We left Texas on a sizzling summer day, dragging behind us a pint-sized trailer that held the remnants of our household furnishings. Our two little guys were playing in the backseat that had been transformed into a makeshift crib. It would be a long, slow, and tear-filled drive to Oregon.

Russ was headed to seminary. I was leaving my family and all that was familiar to head toward the unknown.

Our welcome to Portland was cold and wet. We expected cooler late summer weather than Texas but were totally unprepared for steadily dropping temperatures and incessant rainfall. We scrambled to buy jackets and warmer clothes from our non-existent clothing budget for the boys and ourselves.

Russ quickly applied for a job and was hired at the seminarian’s go-to employer, UPS. The day before he was to begin the new job, Russ had an unfortunate encounter with a lawnmower. The lawnmower emerged victorious, Russ and his injured right hand were unable to begin the new job, and the next applicant in line for a UPS job got lucky.

Russ was unable to work for a number of weeks, which meant I had to find a job. God provided and I quickly found one. Slightly over one month after arriving in Portland, early in the morning I walked through a windy, chilly mist to a nearby bus stop to catch the city bus that would drop me off a couple of blocks from my new place of employment in downtown Portland.

I cried every step of the way. It was October 17th; my youngest son’s first birthday and I would not be spending the day with him, instead, I started the first day of a new job. My stay-at-home momma’s heart was broken.

Over the next weeks the temperatures continued to drop and so did my spirits. Then unexpected snow and freezing sleet hit Portland bringing everything to a standstill. The city dug itself out of its icy mess, but winter had begun early, and it lasted well into March of the following year.

I was homesick. I desperately missed being with my little guys throughout the day. And the weather was beyond depressing to this transplanted Texan.

Patience. Nope. Didn’t have any. Perseverance. I’m not sure I understood at all what that meant on a practical, Christian-walk level at that point in time.

Sure, I was reading my Bible. I was praying. We were going to church. We were going to Sunday School. After all, my husband was in seminary. But I confess, my heart was hurting, I felt like I was in a season of endless ache.

And then, one morning in early April, I walked out to the bus stop surprised to see that the sun was shining brightly. Flowers, unlike any I had ever seen, were blooming profusely filling the air with fragrance and the previously gray landscape with color. It was glorious and my spirit soared. I felt like God had turned His face towards me and smiled.

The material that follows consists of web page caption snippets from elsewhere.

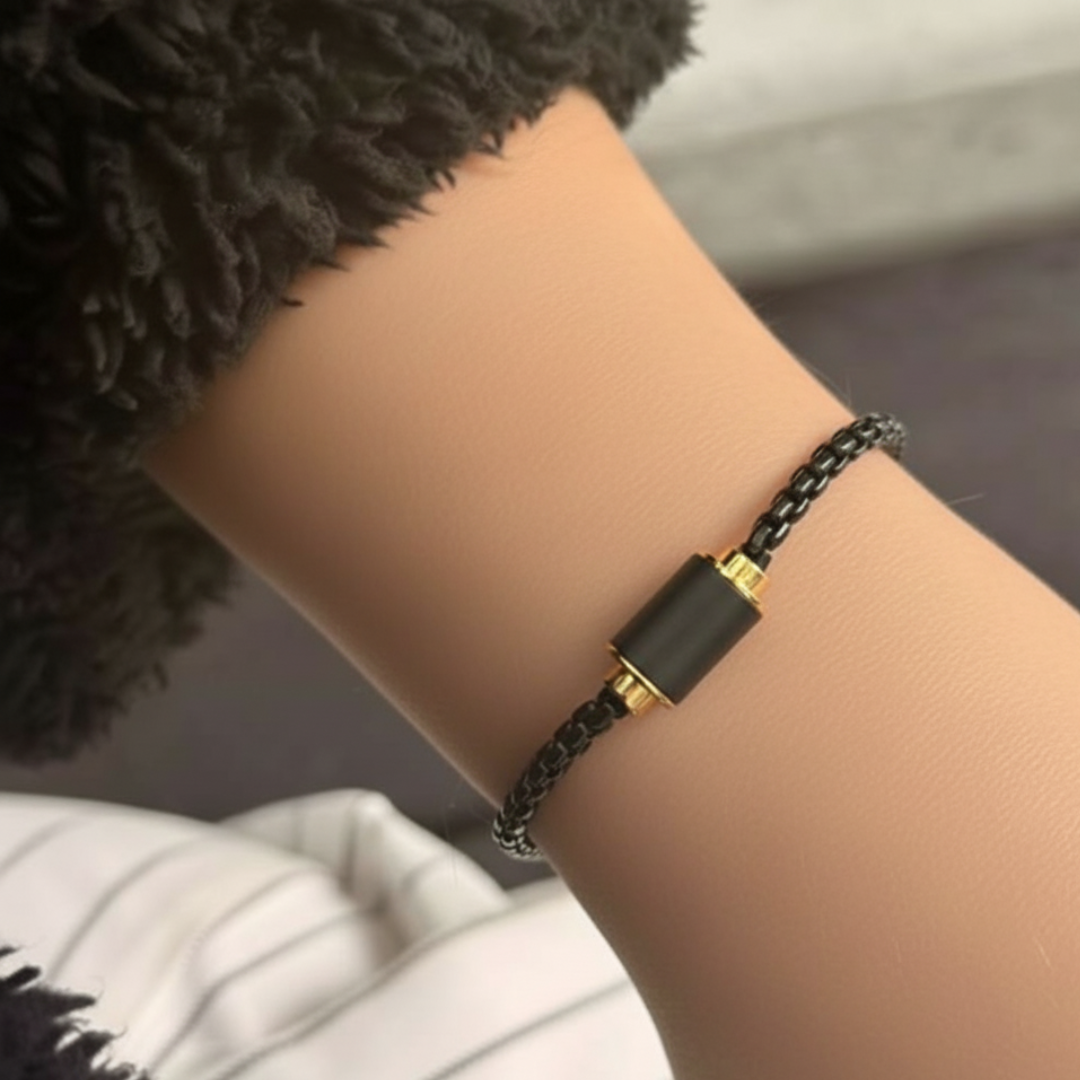 Black curb chain bracelet with matte black cylinder on a wrist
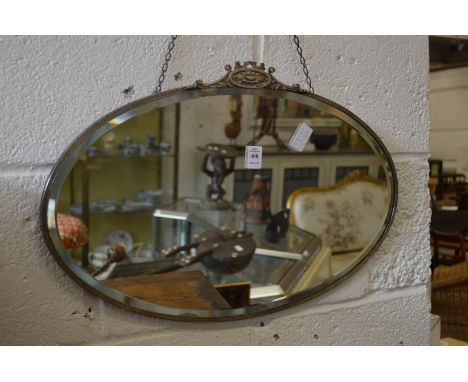 An oval wall mirror.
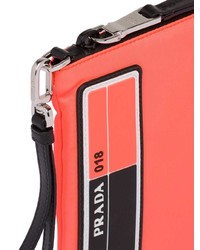 Мужской оранжевый кожаный мужской клатч от Prada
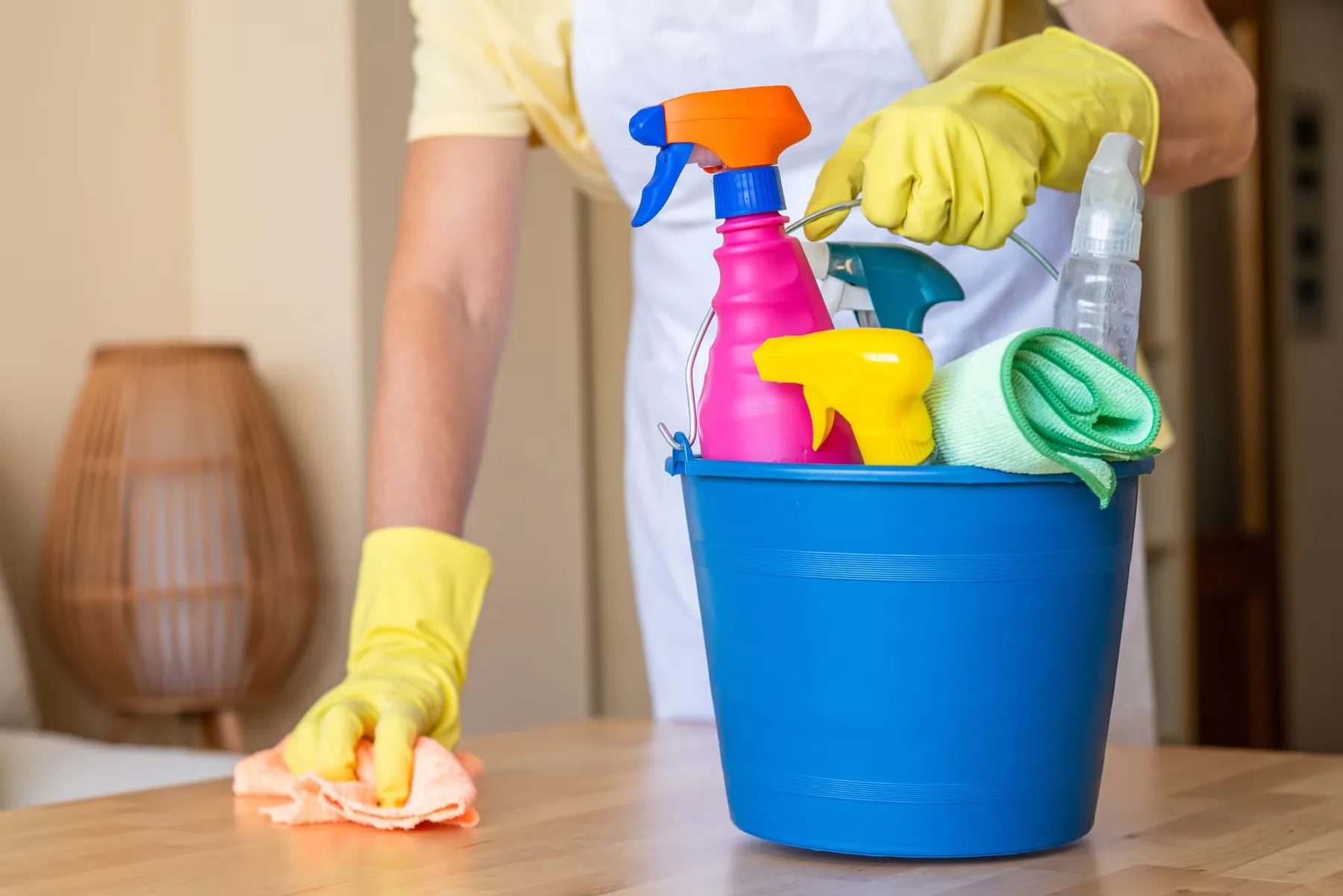 A residential cleaner carrying supplies through a well-kept home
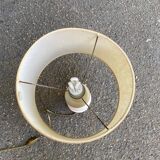 Space age bedside lamp in off-white wood with a metal band.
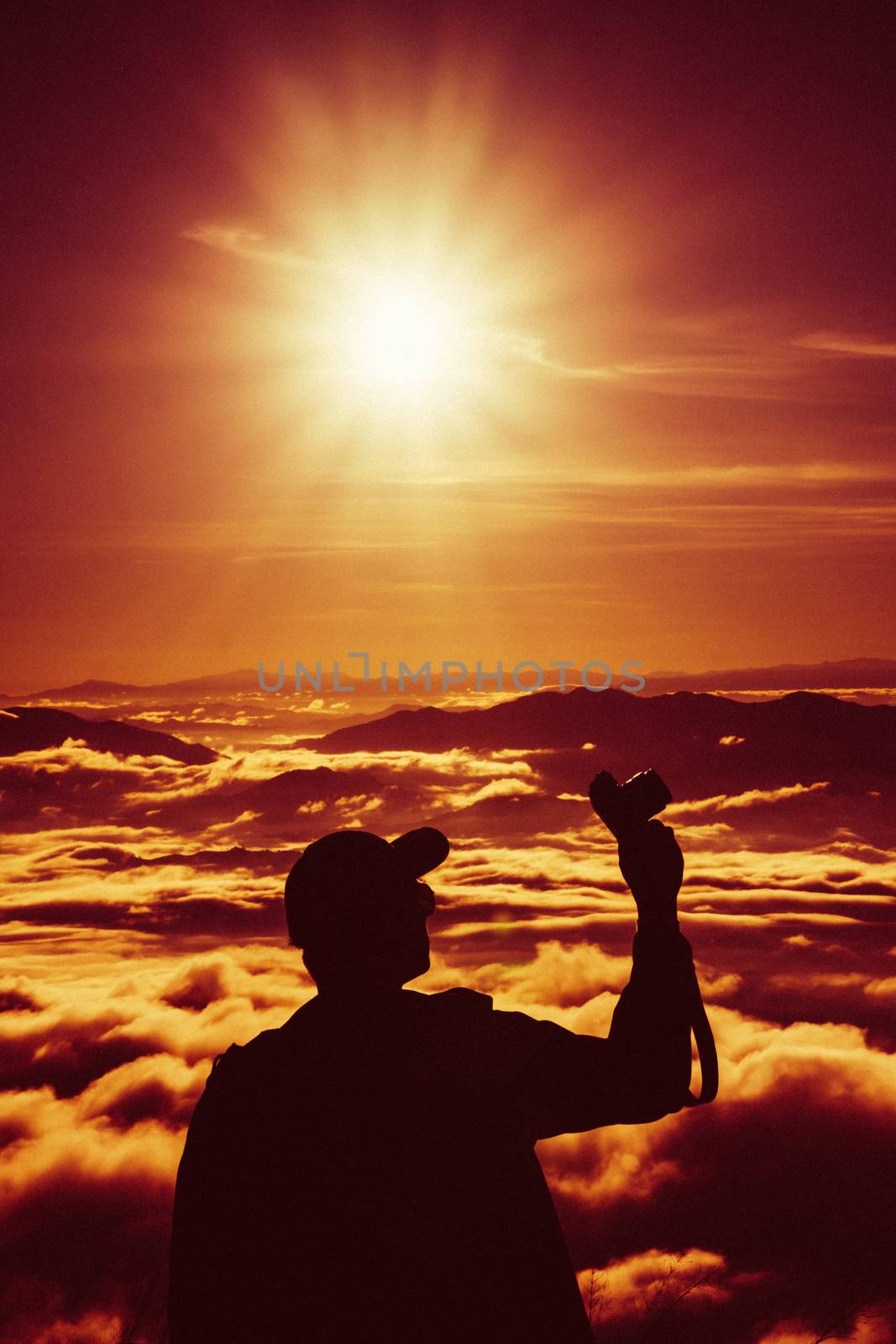 tourist man hold camara with sunrise and sea of fog view on phu chi fa mountain area and national forest park in chiang rai, Thailand.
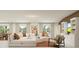 Bright and airy living room with sectional sofa and built-in shelving at 10206 Alder Green Dr, Riverview, FL 33578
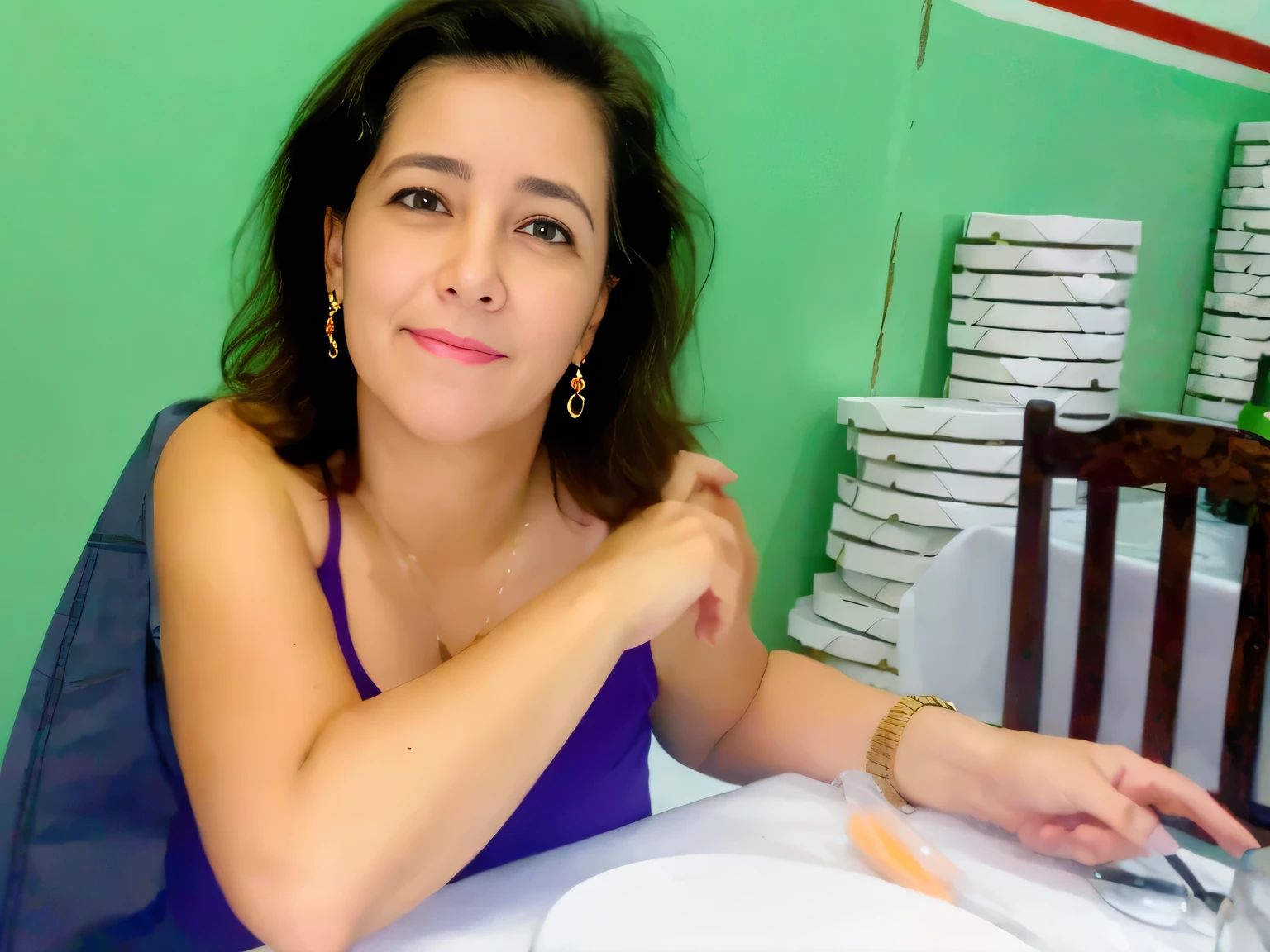 there is a woman sitting at a table with a plate of food, she looks like the Brazilian teacher Cláudia Regina Martins, high quality, high resolution, 8k.
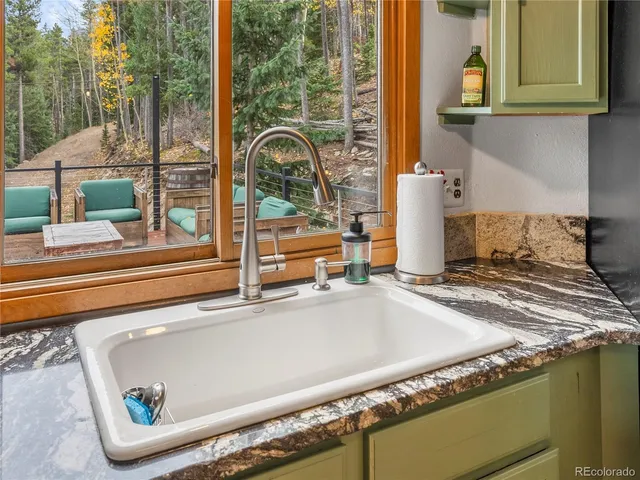 a kitchen with a sink and a window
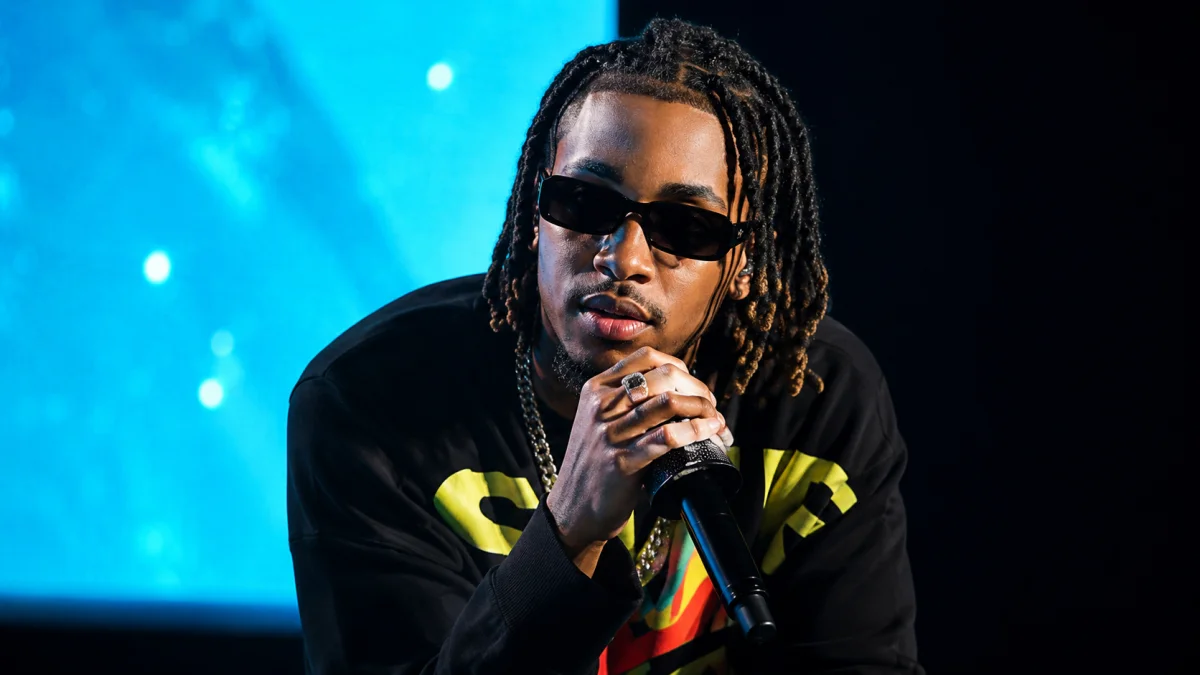 Celebrity-inspired performance portrait with sunglasses and microphone styling for DDG Net Worth related entertainment and music content.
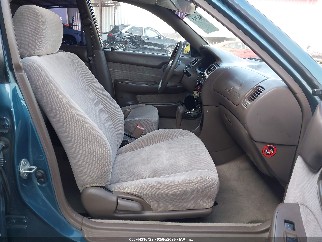 1996 Toyota Corolla, VIN 1NXBB02E4TZ377970. Photo 5 of 6 from IAAI auction. OpenDataCar US salvage catalog.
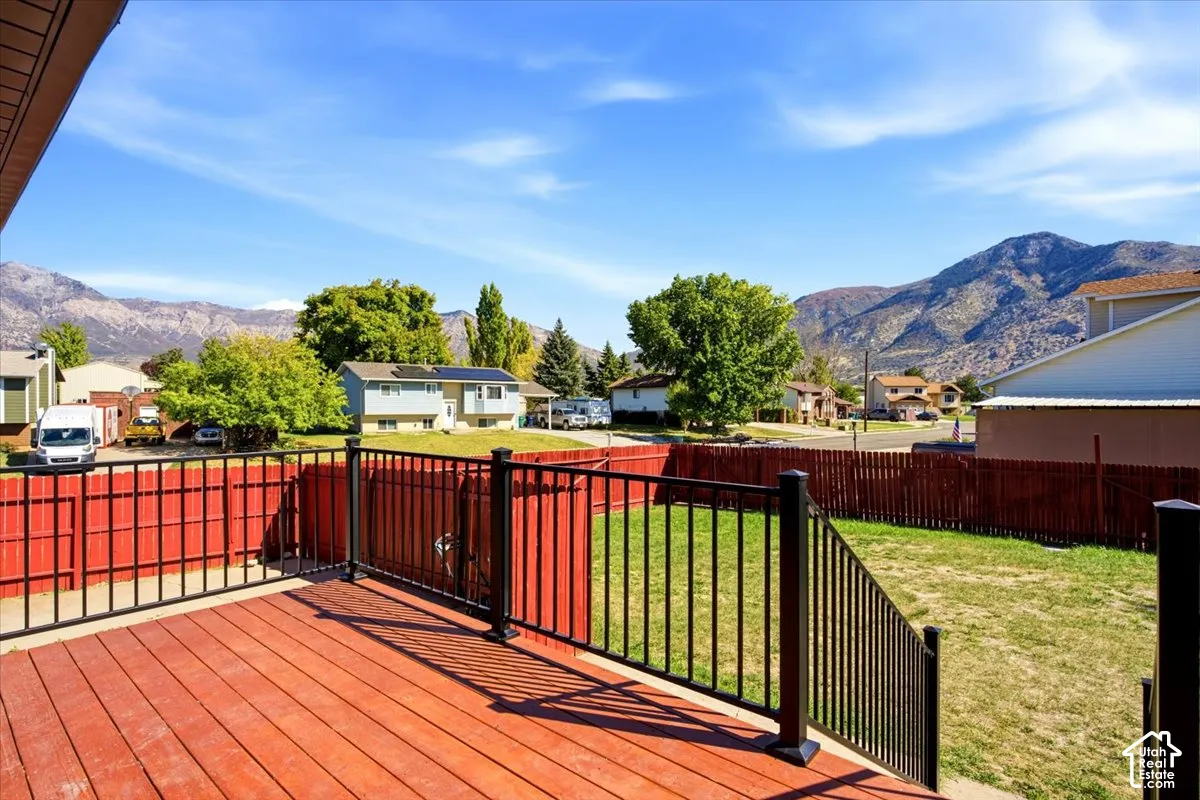 Wood-finish deck with black metal railing, overlooking a fenced yard and distant mountains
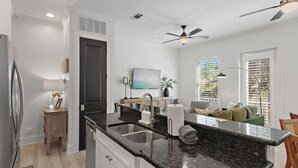 A modern kitchen with a black granite countertop, stainless steel sink, and white cabinetry. There is a dining area with a green sofa and a wooden table. - Gulf Views | Rooftop Patio | Heated Pool (Santa Rosa Beach)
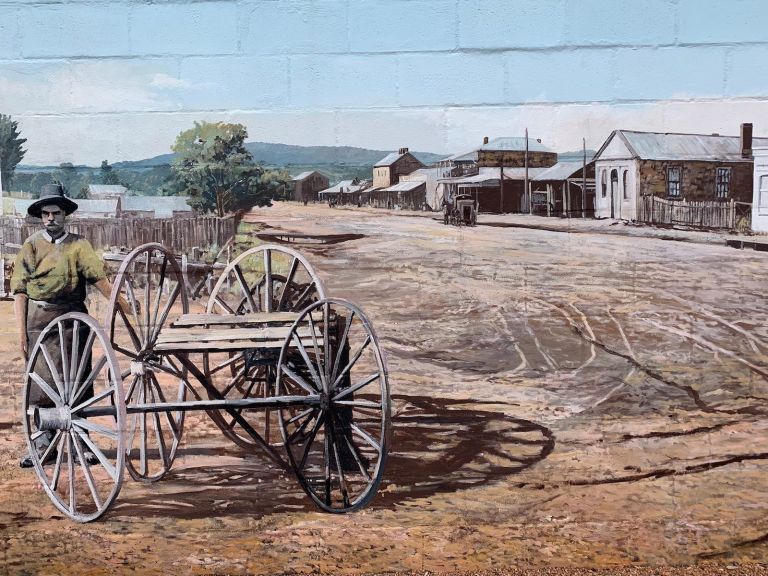 Painted image of 1880's Monero Street Queanbeyan featuring old buildings and a man with his cart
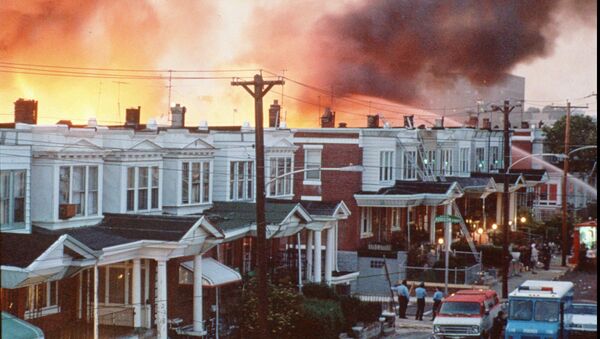 FILE--Row houses in Philadelphia burn after officials dropped a bomb on the MOVE house in this May 1985 photo from files. Ramona Africa, the lone adult survivor of the May 13, 1985 fire, and two other MOVE members sued the city of Philadelphia, and the former police and fire commissioners for financial damages in what was the first trial in court to address the MOVE bombing. The jury said Monday afternoon June 24, 1996, that it reached a verdict, but the result was not announced immediately.(AP Photo/files) - Sputnik International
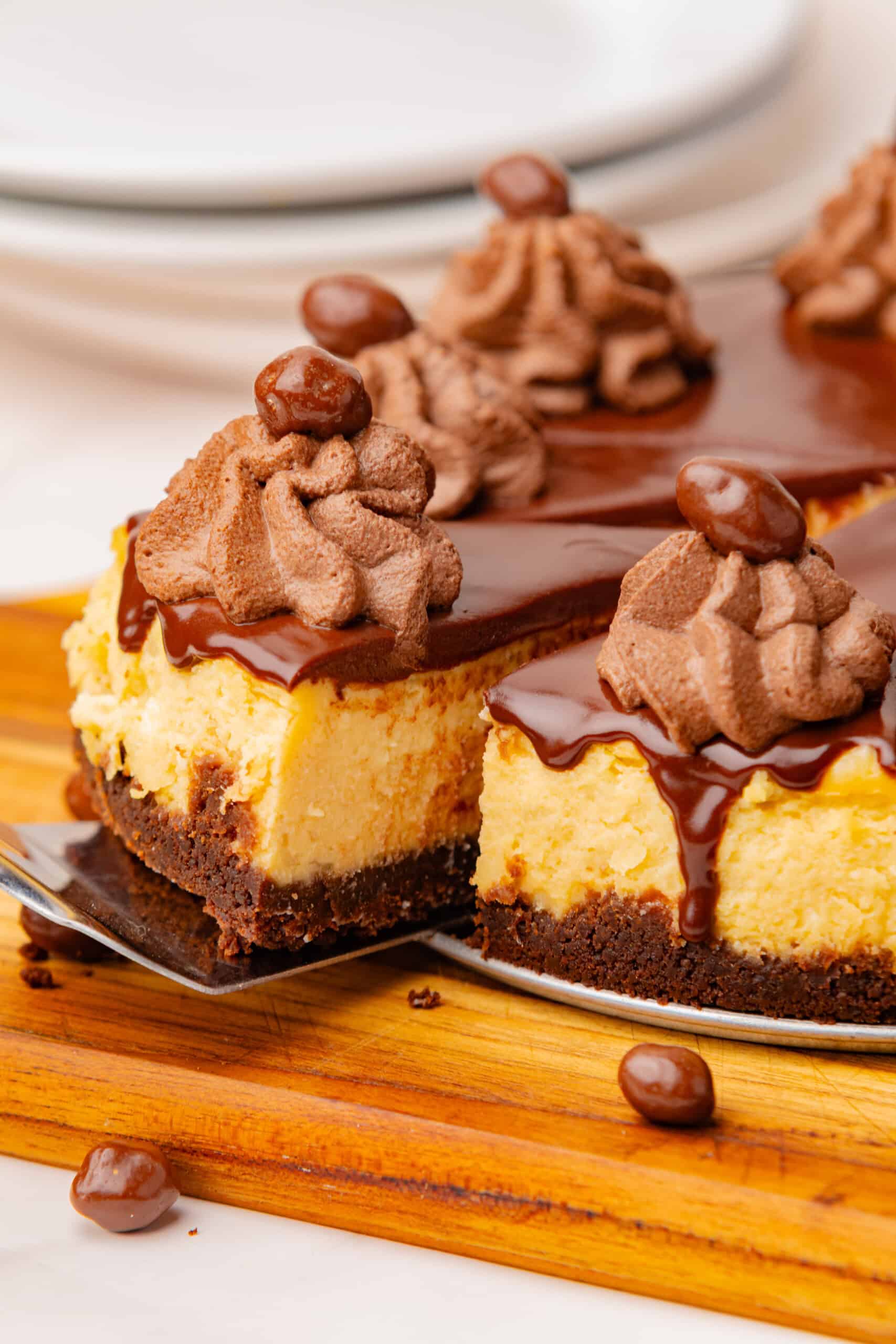 Slice of Irish cream cheesecake topped with chocolate ganache, chocolate whipped cream, and chocolate-covered candies.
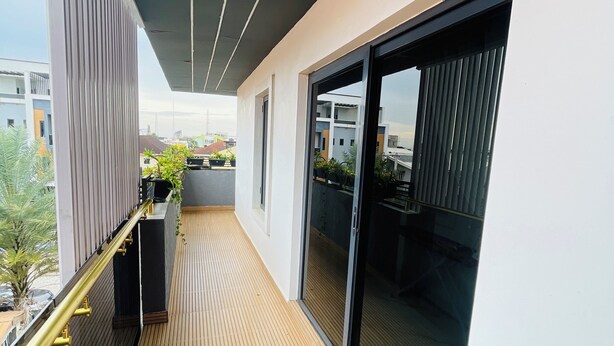 A modern balcony with a wooden floor, metal railing, and large sliding glass doors. - The GlobalNomad Enterprise (Lekki)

As I look back, the challenges and difficulties of that time were so easy compared to the many really hard times that God has faithfully and graciously brought us through over the years.

God is so good and kind. He takes us step by step. Baby steps first, followed by bigger and ever-growing steps. God is teaching us each step of the way, never giving us more than He equips us to handle.

But I believe it was during that time that I began to get a glimmer of what patience and perseverance are supposed to look like in the life of a Christ-follower. It has taken many years, lots of difficult lessons, and much time in Scripture and prayer to gain a better appreciation for and deeper understanding of those two words: patience and perseverance. And still, I have so much to learn.

I recently reread for the umpteenth time a devotion taken from J. I. Packer’s book “Rediscovering Holiness.”1

To paraphrase Packer’s comment: patience and perseverance join in endurance.

Of patience, Packer says, “patience [is] the passive mode of endurance, whereby pain, grief, suffering, and disappointment are handled without inner collapse.” Patience is the internal God-given strength that allows you to deal with difficult people, difficult situations, and difficult times without falling apart.

Patience is a fruit of the Spirit, a gift of walking in step with the Spirit of God (Galatians 5:22-25). And as Christ-followers, we are commanded to “put on” patience, along with other characteristics of the Spirit (Colossians 3:12).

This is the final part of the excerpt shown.